SAĞLIK EMEKÇİLERİ 5 OCAK’TA TOPLANIYOR

Başta TTB, SES ve Dev Sağlık-İş gibi emek ve meslek örgütlerinin oluşturduğu, Türkiye Büyük Sağlıkçılar Meclisi, 5 Ocak günü Ankara Üniversitesi Tıp Fakültesi Morfoloji Binası’nda toplanacak. Toplantıda “Sağlıkta Dönüşüm Programı” ve “Kamu Hastane Birlikleri”ne ilişkin hazırlanacak mücadelenin yol haritası belirlenecek. Yol haritasında ayrıca AKP tarafından uygulanan programa ilişkin kitlesel mitingler planlanacak.

ERDOLU: SAĞLIK ALANI SERMAYENİN KAR ALANI HALİNE ÇEVRİLİYOR

SES Genel Başkanı Çetin Erdolu AKP hükümeti tarafından sağlık alanında yaratılan tahribatı ANF’ye değerlendirdi. Erdolu, AKP hükümeti tarafından hızlandırılan “Sağlıkta Dönüşüm Programı”nın asıl amacının kamusal sağlık hizmetini tasfiye ederek sağlık alanını sermayenin kar alanına çevirmek olduğunu söyledi. Erdoğan, AKP hükümetinin sağlık alanını ticarileştirmeye çalıştığını belirterek, “Bunun sonucu olarak da sağlık hizmetine ulaşmada katkı ve katılım payları giderek artarken, bütçeden ayrılan sağlık payı ise giderek azalmaktadır. Sağlık alanında sermayenin daha fazla hizmet sunumunda yer almasıdır. Yani hizmet özelleştiriliyor. Bunun çalışanlara yansıması ise esnek, güvencesiz, kuralsız çalışma ve karlılığı arttırmak adına işgücü maliyetinin düşürülmesidir. Bunun ardından ise mücadeleyi kırmaya çalışıyorlar. Bunu da operasyonlar ile yapıyorlar” dedi.

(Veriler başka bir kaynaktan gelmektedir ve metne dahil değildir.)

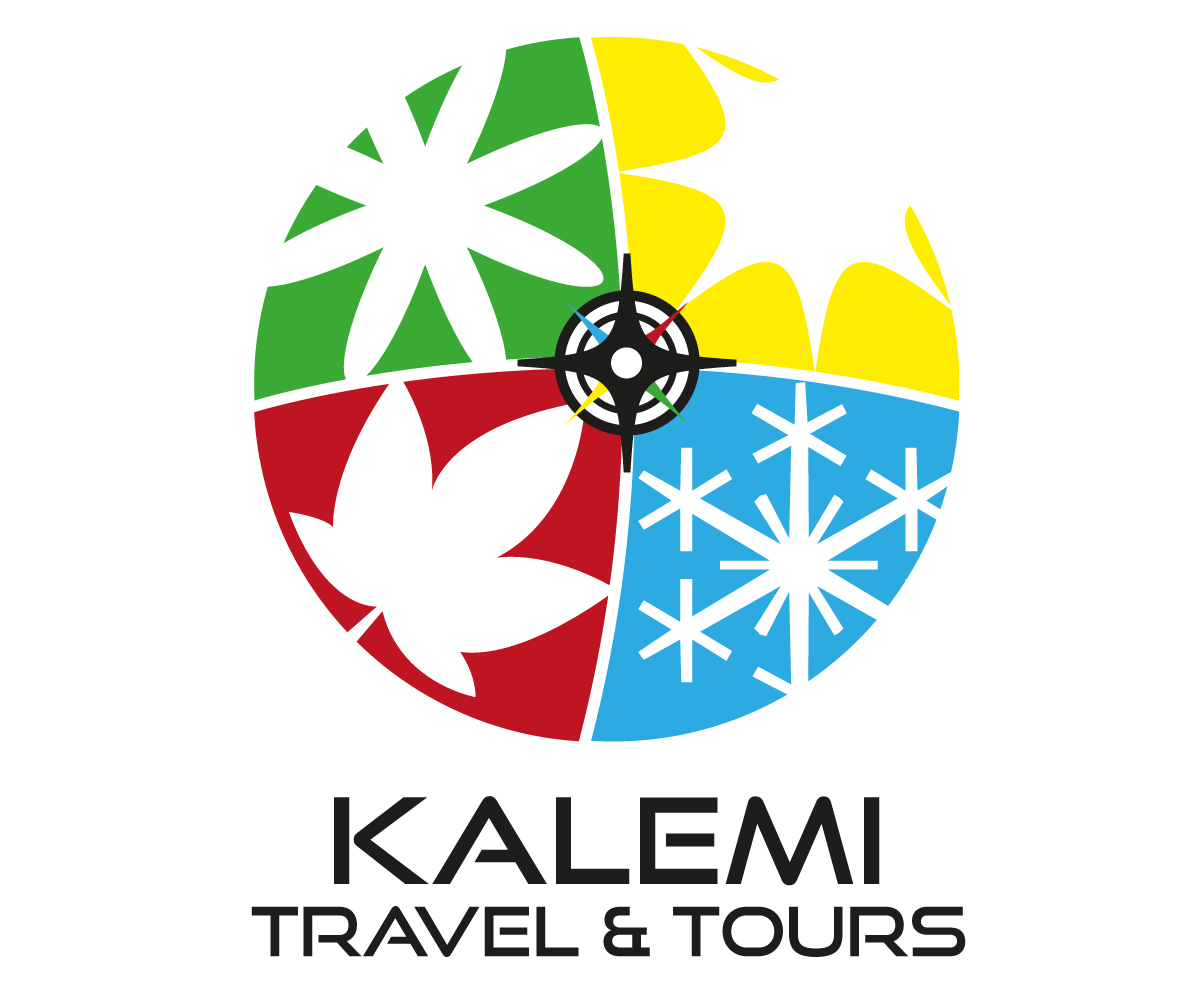 Diseño de Logo por Karim Takla para Kalemi Travel & Tours | Diseño #1601274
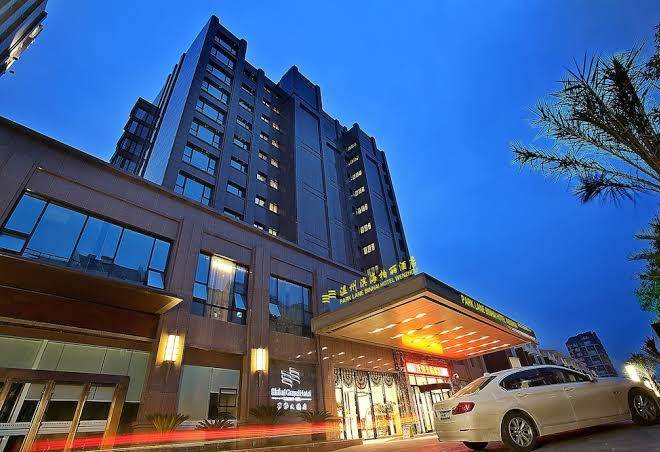 Wenzhou boli hotel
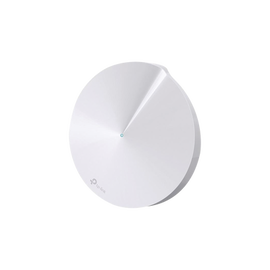 Router inalámbrico mesh para hogar, doble banda AC, doble puerto Gigabit, 4 antenas internas con seguridad de HomeCare gratuito por 3 años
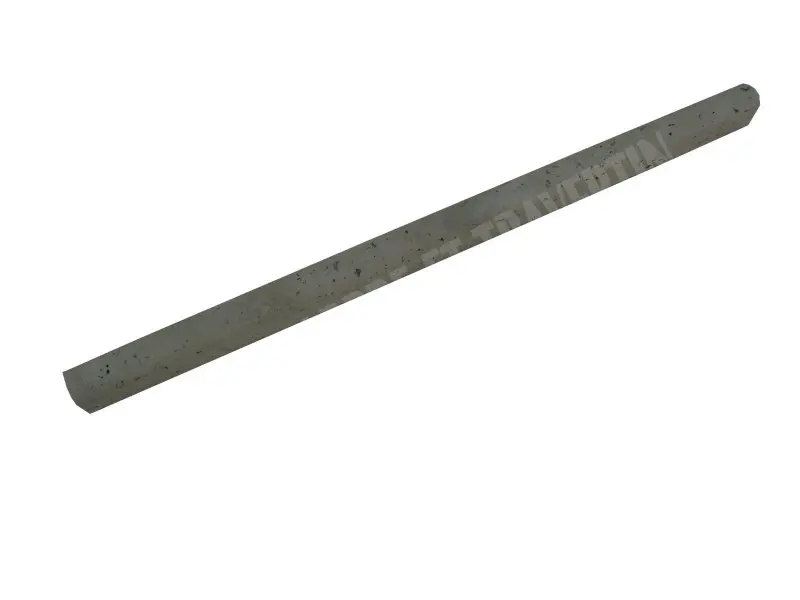 Travertin Classique Petit Pencil Mouluer 1,5x2x30,5 cm Adoucie Rustique 2 € HT - piece - 02.webp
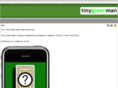 tinygreenman.com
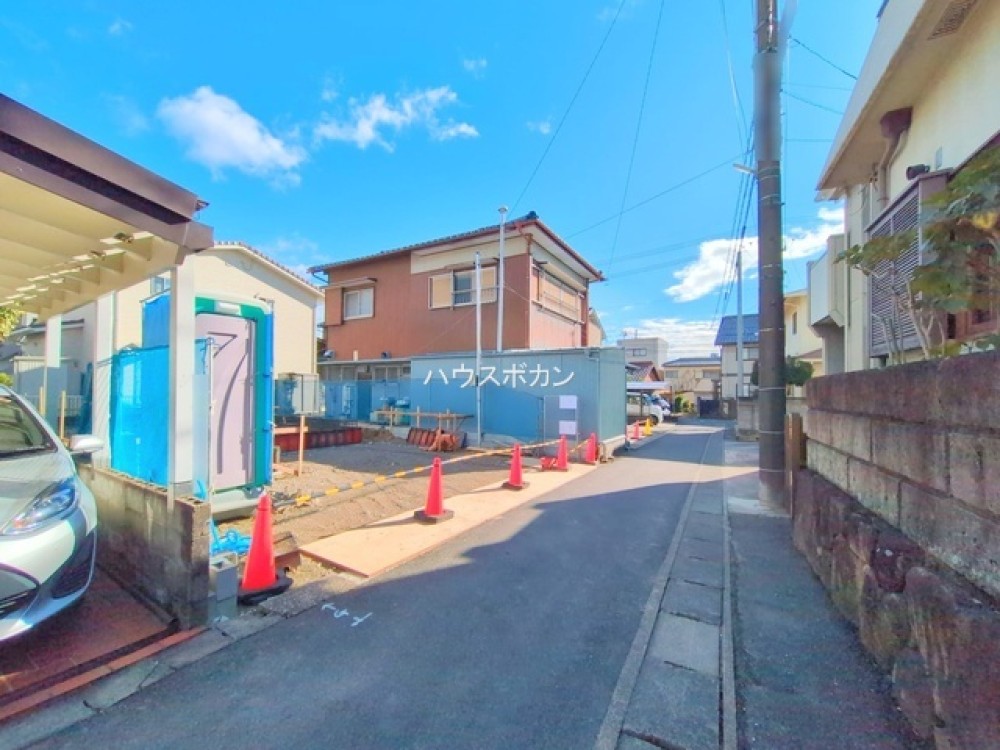 尾張旭市東大道町　全1棟　1号棟 画像5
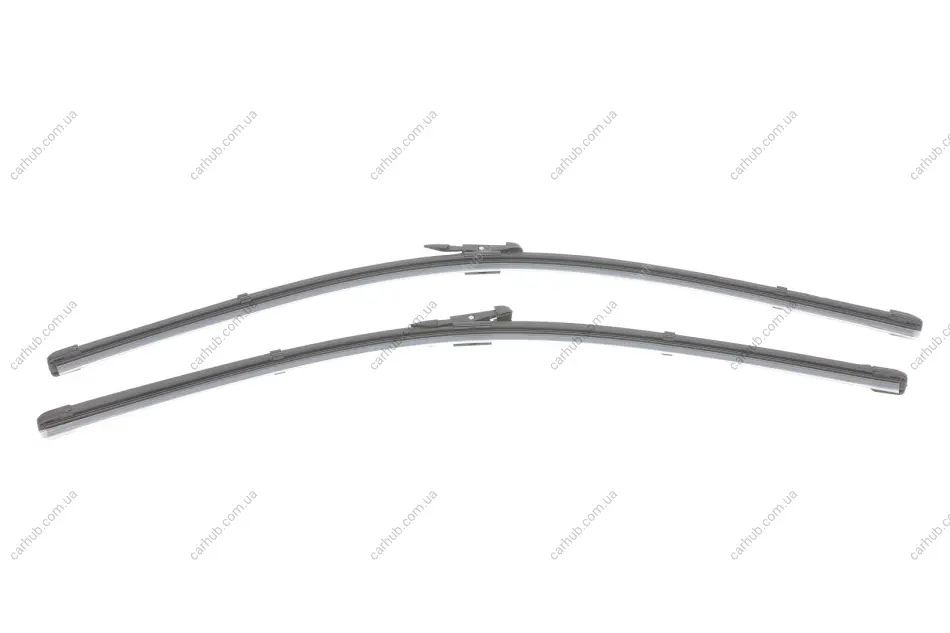 Щітки склоочисника (650/600 мм) MB Sprinter/Vito (W639)/VW Crafter SOLGY Solgy 307006 (фото 1)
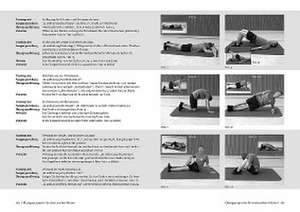 Praxisbuch funktionelle Wirbelsäulengymnastik und Rückentraining de Olga Bauer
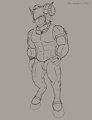 Ram 2.0 Rough by NaughtyRam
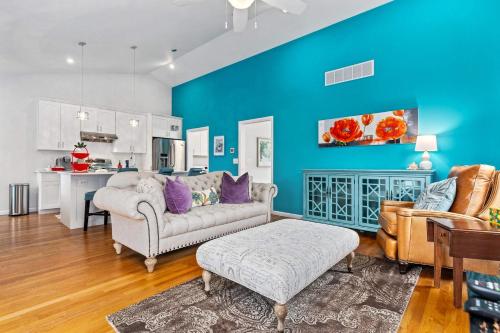 The Pool Loft at Poplar Hill, Annapolis (fotografie 6)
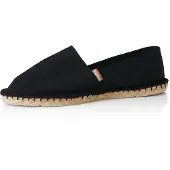 Espadrij l'orginale Espadrillo musta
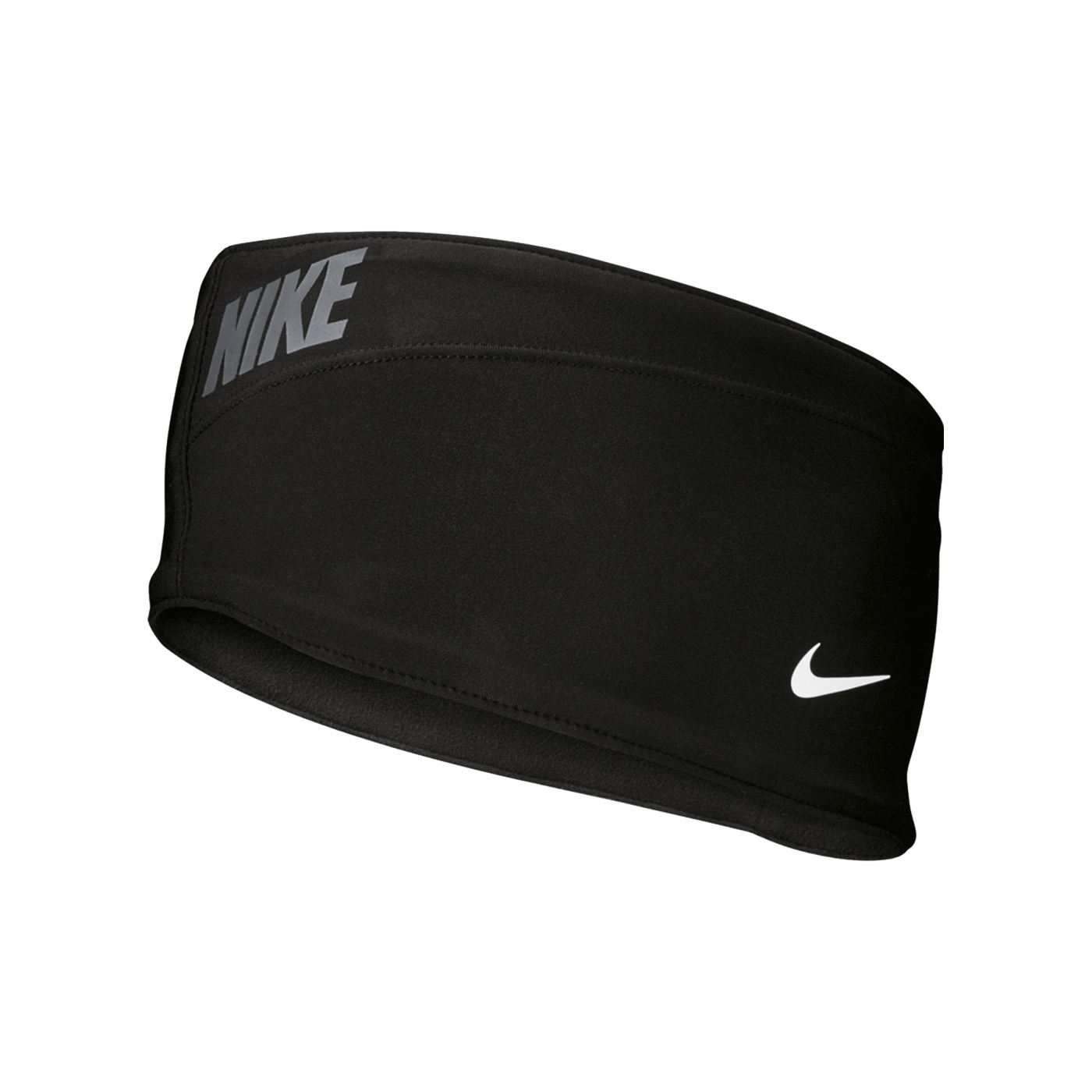 Nike Hyperstorm Stirnband Schwarz Weiss F091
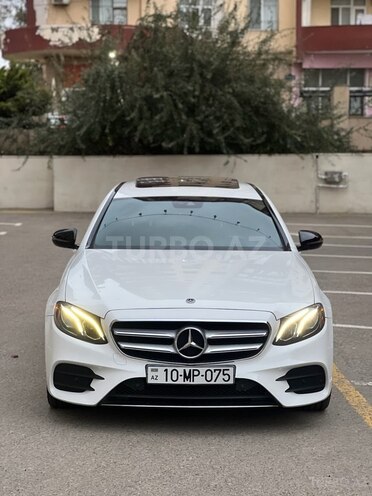 Mercedes E 300 2018, 175,600 km - 2.0 l - Bakı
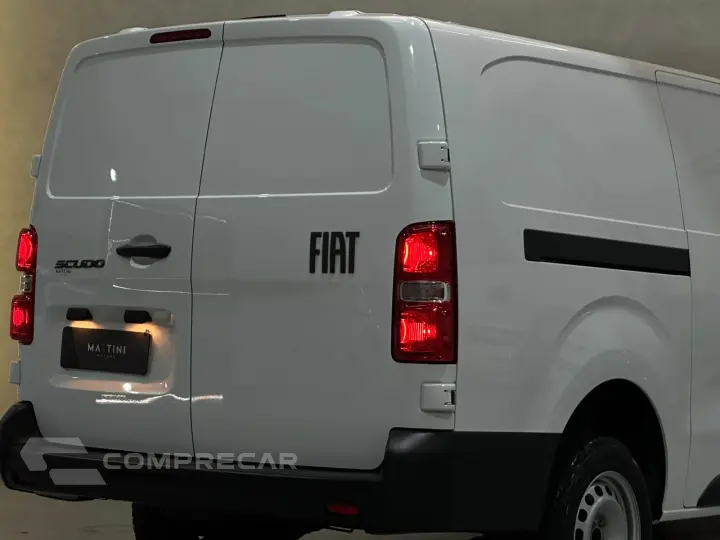Scudo Cargo 2.2 16V Turbo Diesel
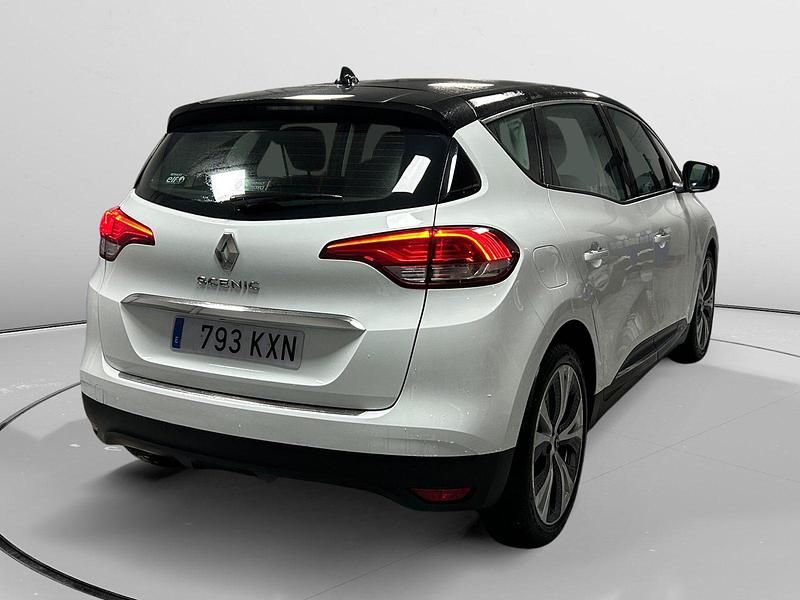 Usado Renault Scénic IV Zen 140 CV (102 kW) 2019 Monovolumen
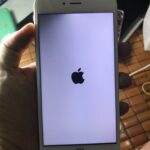 iPhone 6s Plus bị đen góc màn hình - cách xử lý triệt để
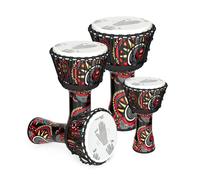 Percussion Plus Carnival Slap Djembe misto 4 pack - corda accordata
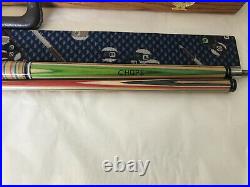Mcdermott pool cue Chops Limited Edition With Custom Case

‘AKP POLİTİKALARINA ‘DUR’ DİYECEĞİZ’

“Artık sağlık hizmetine ulaşmanın bir cümle ile ifade edilmesinin kuralı; herkesin parası kadar sağlık hizmeti alacağı parasına göre de hastane ve tedavi yöntemi seçeceği bir döneme giriyoruz” diyen Erdolu, AKP hükümetinin uygulamalarına karşın sağlık emekçilerinin ise çözümlerini geliştireceğini belirtti. Bu kapsamda, 5 Ocak günü yapılacak toplantının önemine işaret eden Erdolu, toplantıda yapılacak tartışmalar ile AKP’nin politikalarına “dur” diyeceklerini kaydetti.